Los casos más recientes son reveladores. A una tuitera la sancionaron por escribir que una diputada logró su candidatura gracias a su influyente esposo. Le impusieron una disculpa pública, cursos de género y la inclusión en el registro. En Guerrero, un periodista fue castigado por investigar presuntas irregularidades de la presidenta municipal de Acapulco, Abelina López. Su trabajo fue interpretado como violencia política de género, sin insultos ni lenguaje sexista.
También en Campeche se ha documentado el uso de esta figura contra periodistas críticos del gobierno de Layda Sansores. Varios han sido denunciados y callados tras cuestionar decisiones públicas. La sanción no se basa en un discurso misógino, sino en el efecto político que provocaron sus críticas.
¿Dónde está el problema? En la ley. La definición de violencia política contra las mujeres es tan ambigua que permite sancionar cualquier crítica que una autoridad considere que afectó los derechos de una funcionaria, incluso si no hubo intención de agredirla ni elementos de género. Basta con que la crítica no le haya gustado a la quejosa para que pueda clasificarse como violencia.
Y mientras tanto, la impunidad prevalece en la mayoría de los casos de violencia política general —la que padecen candidatos, activistas, periodistas o funcionarios de cualquier género— que se manifiesta con amenazas, golpes, secuestros o asesinatos.
La ambigüedad legal y la impunidad se combinan. Por un lado, la violencia más grave —la que atenta contra la vida y la integridad— queda impune por ineptitud institucional. Por otro, algunas funcionarias usan la ley como escudo, denunciando como violencia lo que en realidad son críticas legítimas. La impunidad no solo permite la violencia: también legitima la censura, disfrazándola de protección.
No faltan funcionarias que, en lugar de rendir cuentas, optan por judicializar comentarios incómodos. El resultado es que muchos periodistas y ciudadanos ya no opinan sobre mujeres en el poder.
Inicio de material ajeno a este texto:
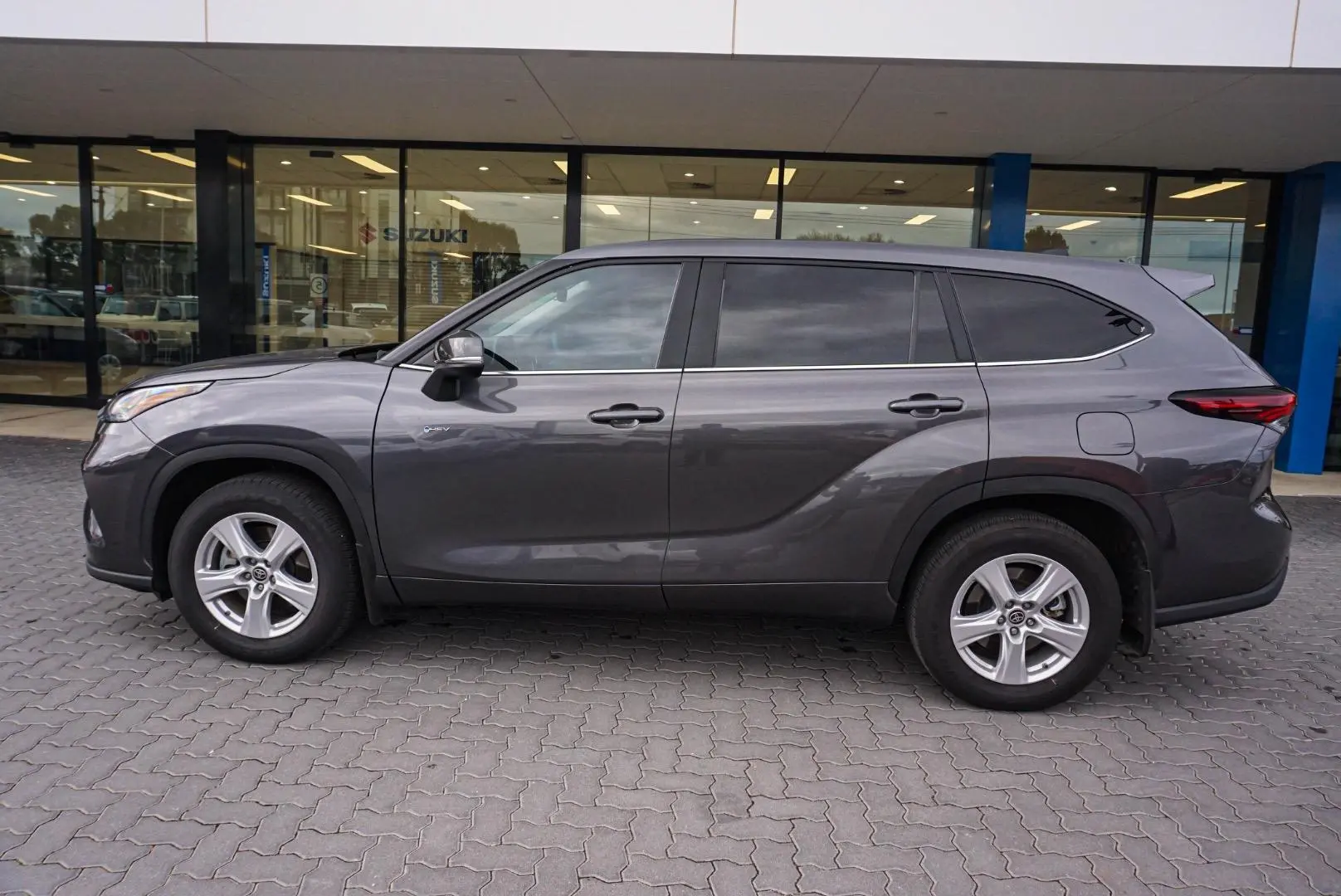 2025 Toyota Kluger Gallery Image 4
Porque ahora hay que preguntarse si al decir la verdad se acabará acusado de violencia de género.
Yo mismo enfrento ese dilema. Tengo dos opciones: criticar y arriesgarme a ser sancionado, o ignorar por completo a las mujeres en el poder. Ambas son inaceptables.
La presidenta Claudia Sheinbaum se ha manifestado muchas veces en contra de la censura, pero muchos en su partido no le hacen caso. En Puebla, se promovió una ley contra el “ciberacoso” para castigar a críticos. En Campeche, Sansores ha llevado a periodistas a tribunales usando esta figura para acallar la crítica.
Se necesita reformar la ley. Porque si criticar a una funcionaria se vuelve delito, no se está defendiendo la igualdad: se está normalizando una forma de totalitarismo disfrazado de feminismo.